Modis Therapeutics announced today that the FDA has granted Breakthrough Therapy designation to MT1621, Modis’ investigational treatment for patients with thymidine kinase 2 deficiency (TK2d).
Breakthrough Therapy designation is a process designed to expedite the development and review of drugs that are intended to treat a serious or life-threatening condition, and preliminary clinical evidence indicates that the drug may demonstrate substantial improvement over available therapy on a clinically significant endpoint(s). A drug that receives Breakthrough Therapy designation is eligible for intensive guidance on an efficient drug development program, organizational commitment involving senior managers from the FDA, and all Fast Track designation features, including eligibility for Accelerated Approval and Priority Review, if relevant criteria are met.
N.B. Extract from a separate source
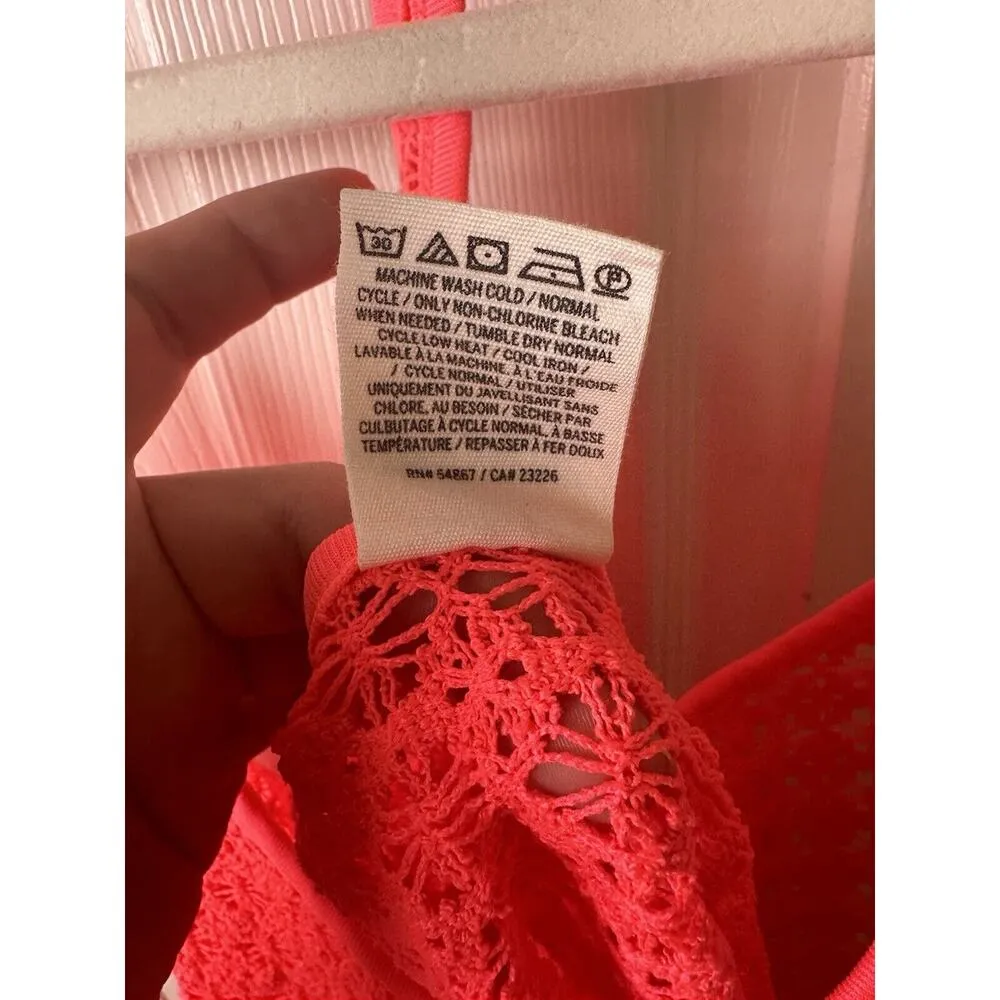 Pink Victoria Secret Top Womens M/L Beach Cover Up Crop Macrame Neon Halter - Image 5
Modis’ application was supported by data from initial clinical studies in TK2d patients, some of which was presented by Dr. Michio Hirano at the International World Muscle Society (WMS) Congress in October 2018. MT1621 has also been granted PRIME designation by the EMA and Orphan Drug designation by both the FDA and EMA.
We are very pleased that – by granting MT1621 Breakthrough Therapy and PRIME designations – now both FDA and EMA have recognized the urgent need in TK2d patients and encouraging preliminary data that Modis and its collaborators have collected. We are looking forward to coordinating with FDA and EMA on the registration plan for MT1621 for TK2d patients,
said Joshua Grass,
Chief Executive Officer of Modis Therapeutics.